• **TASK TO CARRY OUT**
From the line containing "#realme #realmeP4Power #realmeetup" down to the last line of the data, output each line word for word and include nothing else.

• **Dataset records**
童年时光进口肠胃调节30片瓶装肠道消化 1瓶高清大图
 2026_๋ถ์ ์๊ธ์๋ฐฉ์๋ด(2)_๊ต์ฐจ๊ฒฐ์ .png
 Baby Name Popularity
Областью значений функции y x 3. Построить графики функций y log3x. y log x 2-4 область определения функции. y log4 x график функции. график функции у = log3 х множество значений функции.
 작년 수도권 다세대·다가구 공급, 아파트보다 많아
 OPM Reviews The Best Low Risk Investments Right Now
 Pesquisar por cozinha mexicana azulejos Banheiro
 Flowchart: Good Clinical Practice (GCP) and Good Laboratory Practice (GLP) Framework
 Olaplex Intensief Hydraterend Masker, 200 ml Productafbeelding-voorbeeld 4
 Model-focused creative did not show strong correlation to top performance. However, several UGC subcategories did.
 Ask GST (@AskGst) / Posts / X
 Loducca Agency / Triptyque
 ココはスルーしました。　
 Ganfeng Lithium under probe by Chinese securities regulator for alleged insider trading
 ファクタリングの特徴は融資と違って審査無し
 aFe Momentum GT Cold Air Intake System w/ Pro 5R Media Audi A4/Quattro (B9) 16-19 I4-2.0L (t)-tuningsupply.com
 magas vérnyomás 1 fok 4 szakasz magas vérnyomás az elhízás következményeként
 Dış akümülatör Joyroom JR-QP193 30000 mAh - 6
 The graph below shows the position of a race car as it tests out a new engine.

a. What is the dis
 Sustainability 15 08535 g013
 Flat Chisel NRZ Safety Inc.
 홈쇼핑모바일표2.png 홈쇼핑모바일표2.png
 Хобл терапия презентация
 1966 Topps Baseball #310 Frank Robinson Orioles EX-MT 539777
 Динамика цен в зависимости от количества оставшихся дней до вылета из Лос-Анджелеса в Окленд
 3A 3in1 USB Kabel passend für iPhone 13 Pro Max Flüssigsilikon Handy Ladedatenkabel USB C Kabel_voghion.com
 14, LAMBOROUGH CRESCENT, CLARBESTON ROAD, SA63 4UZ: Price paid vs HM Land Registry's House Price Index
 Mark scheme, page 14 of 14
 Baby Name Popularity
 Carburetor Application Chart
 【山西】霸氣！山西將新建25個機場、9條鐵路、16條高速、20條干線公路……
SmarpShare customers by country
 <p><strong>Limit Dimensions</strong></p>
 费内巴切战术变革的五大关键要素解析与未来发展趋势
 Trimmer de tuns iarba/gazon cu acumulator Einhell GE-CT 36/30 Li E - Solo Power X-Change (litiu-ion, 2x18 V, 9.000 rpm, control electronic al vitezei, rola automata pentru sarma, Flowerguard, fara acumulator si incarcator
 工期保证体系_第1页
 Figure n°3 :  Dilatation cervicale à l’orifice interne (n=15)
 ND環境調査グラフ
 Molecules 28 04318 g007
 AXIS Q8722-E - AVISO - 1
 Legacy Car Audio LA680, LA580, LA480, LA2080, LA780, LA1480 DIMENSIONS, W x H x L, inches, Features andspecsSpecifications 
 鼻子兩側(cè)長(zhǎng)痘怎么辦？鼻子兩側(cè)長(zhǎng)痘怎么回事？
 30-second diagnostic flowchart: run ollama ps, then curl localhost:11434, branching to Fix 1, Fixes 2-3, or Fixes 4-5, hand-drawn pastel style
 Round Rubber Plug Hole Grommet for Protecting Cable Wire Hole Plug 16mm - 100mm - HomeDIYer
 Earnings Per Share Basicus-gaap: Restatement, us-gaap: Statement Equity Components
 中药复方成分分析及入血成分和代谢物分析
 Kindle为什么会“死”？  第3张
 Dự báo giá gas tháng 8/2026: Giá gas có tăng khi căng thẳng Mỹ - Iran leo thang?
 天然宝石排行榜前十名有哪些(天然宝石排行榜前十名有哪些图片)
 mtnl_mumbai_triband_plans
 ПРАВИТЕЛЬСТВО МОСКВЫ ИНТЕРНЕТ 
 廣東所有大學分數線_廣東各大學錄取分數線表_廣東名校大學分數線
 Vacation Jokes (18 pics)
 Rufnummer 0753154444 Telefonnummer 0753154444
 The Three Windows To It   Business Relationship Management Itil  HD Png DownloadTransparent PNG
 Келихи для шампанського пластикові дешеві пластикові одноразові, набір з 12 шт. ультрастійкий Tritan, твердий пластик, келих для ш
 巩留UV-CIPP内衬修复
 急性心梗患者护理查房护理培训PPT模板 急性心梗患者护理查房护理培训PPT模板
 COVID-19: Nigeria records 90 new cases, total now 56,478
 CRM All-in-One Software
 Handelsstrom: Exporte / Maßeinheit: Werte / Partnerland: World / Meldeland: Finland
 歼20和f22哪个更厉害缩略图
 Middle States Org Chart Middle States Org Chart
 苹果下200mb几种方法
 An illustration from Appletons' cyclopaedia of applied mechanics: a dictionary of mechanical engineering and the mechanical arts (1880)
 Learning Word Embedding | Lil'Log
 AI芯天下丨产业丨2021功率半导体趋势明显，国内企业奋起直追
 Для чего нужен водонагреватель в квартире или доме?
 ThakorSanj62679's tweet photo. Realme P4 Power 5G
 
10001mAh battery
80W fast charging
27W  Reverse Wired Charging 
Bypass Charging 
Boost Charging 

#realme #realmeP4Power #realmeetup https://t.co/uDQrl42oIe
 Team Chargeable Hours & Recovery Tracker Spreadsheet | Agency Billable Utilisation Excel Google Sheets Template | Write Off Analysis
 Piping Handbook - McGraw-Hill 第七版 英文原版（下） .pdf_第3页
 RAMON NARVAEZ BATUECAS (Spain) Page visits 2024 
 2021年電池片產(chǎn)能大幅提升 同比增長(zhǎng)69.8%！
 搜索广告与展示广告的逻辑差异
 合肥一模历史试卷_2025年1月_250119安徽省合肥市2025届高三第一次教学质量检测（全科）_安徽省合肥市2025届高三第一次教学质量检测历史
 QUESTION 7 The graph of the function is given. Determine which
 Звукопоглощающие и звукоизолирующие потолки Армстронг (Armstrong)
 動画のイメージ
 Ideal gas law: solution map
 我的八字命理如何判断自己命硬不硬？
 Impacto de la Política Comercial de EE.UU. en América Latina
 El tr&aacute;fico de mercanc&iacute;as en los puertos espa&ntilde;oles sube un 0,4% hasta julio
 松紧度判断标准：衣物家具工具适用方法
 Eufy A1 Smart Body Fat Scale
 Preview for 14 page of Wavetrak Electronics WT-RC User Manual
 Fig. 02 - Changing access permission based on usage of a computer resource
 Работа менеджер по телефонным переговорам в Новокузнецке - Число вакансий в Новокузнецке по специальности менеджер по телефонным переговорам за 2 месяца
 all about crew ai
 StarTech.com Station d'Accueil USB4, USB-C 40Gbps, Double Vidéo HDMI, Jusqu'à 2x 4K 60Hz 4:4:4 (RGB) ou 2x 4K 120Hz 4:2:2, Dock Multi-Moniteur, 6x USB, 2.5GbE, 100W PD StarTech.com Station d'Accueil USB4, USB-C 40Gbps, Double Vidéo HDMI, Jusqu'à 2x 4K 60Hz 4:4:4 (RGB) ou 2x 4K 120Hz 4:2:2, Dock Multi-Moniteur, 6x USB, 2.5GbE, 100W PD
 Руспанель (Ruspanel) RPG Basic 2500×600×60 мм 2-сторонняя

• **ANSWER TO THE PROBLEM**
#realme #realmeP4Power #realmeetup https://t.co/uDQrl42oIe
 Team Chargeable Hours & Recovery Tracker Spreadsheet | Agency Billable Utilisation Excel Google Sheets Template | Write Off Analysis
 Piping Handbook - McGraw-Hill 第七版 英文原版（下） .pdf_第3页
 RAMON NARVAEZ BATUECAS (Spain) Page visits 2024 
 2021年電池片產(chǎn)能大幅提升 同比增長(zhǎng)69.8%！
 搜索广告与展示广告的逻辑差异
 合肥一模历史试卷_2025年1月_250119安徽省合肥市2025届高三第一次教学质量检测（全科）_安徽省合肥市2025届高三第一次教学质量检测历史
 QUESTION 7 The graph of the function is given. Determine which
 Звукопоглощающие и звукоизолирующие потолки Армстронг (Armstrong)
 動画のイメージ
 Ideal gas law: solution map
 我的八字命理如何判断自己命硬不硬？
 Impacto de la Política Comercial de EE.UU. en América Latina
 El tr&aacute;fico de mercanc&iacute;as en los puertos espa&ntilde;oles sube un 0,4% hasta julio
 松紧度判断标准：衣物家具工具适用方法
 Eufy A1 Smart Body Fat Scale
 Preview for 14 page of Wavetrak Electronics WT-RC User Manual
 Fig. 02 - Changing access permission based on usage of a computer resource
 Работа менеджер по телефонным переговорам в Новокузнецке - Число вакансий в Новокузнецке по специальности менеджер по телефонным переговорам за 2 месяца
 all about crew ai
 StarTech.com Station d'Accueil USB4, USB-C 40Gbps, Double Vidéo HDMI, Jusqu'à 2x 4K 60Hz 4:4:4 (RGB) ou 2x 4K 120Hz 4:2:2, Dock Multi-Moniteur, 6x USB, 2.5GbE, 100W PD StarTech.com Station d'Accueil USB4, USB-C 40Gbps, Double Vidéo HDMI, Jusqu'à 2x 4K 60Hz 4:4:4 (RGB) ou 2x 4K 120Hz 4:2:2, Dock Multi-Moniteur, 6x USB, 2.5GbE, 100W PD
 Руспанель (Ruspanel) RPG Basic 2500×600×60 мм 2-сторонняя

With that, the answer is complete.